TASK OBJECTIVE
What you return must match the listing below exactly.

*** DATASET RECORDS Section Begins ***

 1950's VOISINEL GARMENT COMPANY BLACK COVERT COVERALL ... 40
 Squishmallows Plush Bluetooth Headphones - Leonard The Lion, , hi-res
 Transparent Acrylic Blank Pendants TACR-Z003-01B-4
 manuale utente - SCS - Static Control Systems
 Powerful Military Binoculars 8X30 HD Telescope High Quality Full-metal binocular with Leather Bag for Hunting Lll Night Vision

*** DATASET RECORDS Section Ends ***

TASK OUTPUT
 1950's VOISINEL GARMENT COMPANY BLACK COVERT COVERALL ... 40
 Squishmallows Plush Bluetooth Headphones - Leonard The Lion, , hi-res
 Transparent Acrylic Blank Pendants TACR-Z003-01B-4
 manuale utente - SCS - Static Control Systems
 Powerful Military Binoculars 8X30 HD Telescope High Quality Full-metal binocular with Leather Bag for Hunting Lll Night Vision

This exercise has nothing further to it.